The Second Wife
Page 17
I register the present tense, wonder if it is significant. He certainly speaks as if they are still in contact, still part of one another’s lives. But on the other hand, in a place like this time effectively stops. I can imagine that the past few years might have felt like a drawn breath, little more than a necessary bridge between the past and the future. ‘My wife is loyal,’ I say tightly. ‘To those that she feels have earned it.’
Kaspar straightens up in his chair, looks a little incredulous. For the first time, I see him studying me with some genuine interest. ‘Forgive me,’ he says, ‘but I am not sure you have, in fact, explained why you are here.’ His tone is still light, but there’s a kind of veiled menace to it that makes my blood rise.
‘I’m here because I want to understand what happened back then,’ I say. I keep my voice as low and controlled as his, conscious of the official behind the door.
Kaspar frowns, tipping his head to one side and rubbing a finger across the smooth slash of his jawline. ‘Surely this does not matter now,’ he comments.
‘That’s what I’m trying to find out.’ I’m aware of an increasing sense of frustration, knowing this conversation isn’t being played out on an equal level.
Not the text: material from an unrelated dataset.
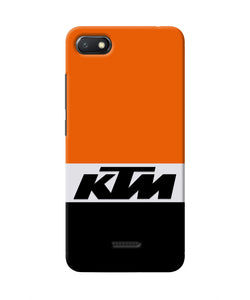 KTM Colorblock Redmi 6A Real 4D Back Cover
Without knowing for sure if he has any involvement, I don’t want to mention the fire, or the man in our house; it feels better to play dumb, assume that he has nothing against me. ‘Look, you and I don’t know each other. We have no animosity.’ I pause briefly, giving him the chance to contradict me, but he remains silent. ‘All I’m asking is for some information about the past that can cost you nothing to give. Anything you can tell me will help.’
Kaspar nods slowly, his eyes on mine. When he speaks his voice is calm, almost soothing. ‘My friend,’ he says, with a little tremor of irony, ‘I will tell you only that I am serving two life sentences for murder. I will be in here until the day I die. Not everyone is in a position such as mine, but everyone must serve their sentence. Even your wife.’
My heart is thumping, and I can feel the collar of my shirt damp against my neck. It’s something about the casual way in which he says it – the throwaway acknowledgement of what he’s capable of. ‘What does my wife have to do with this?’ I manage.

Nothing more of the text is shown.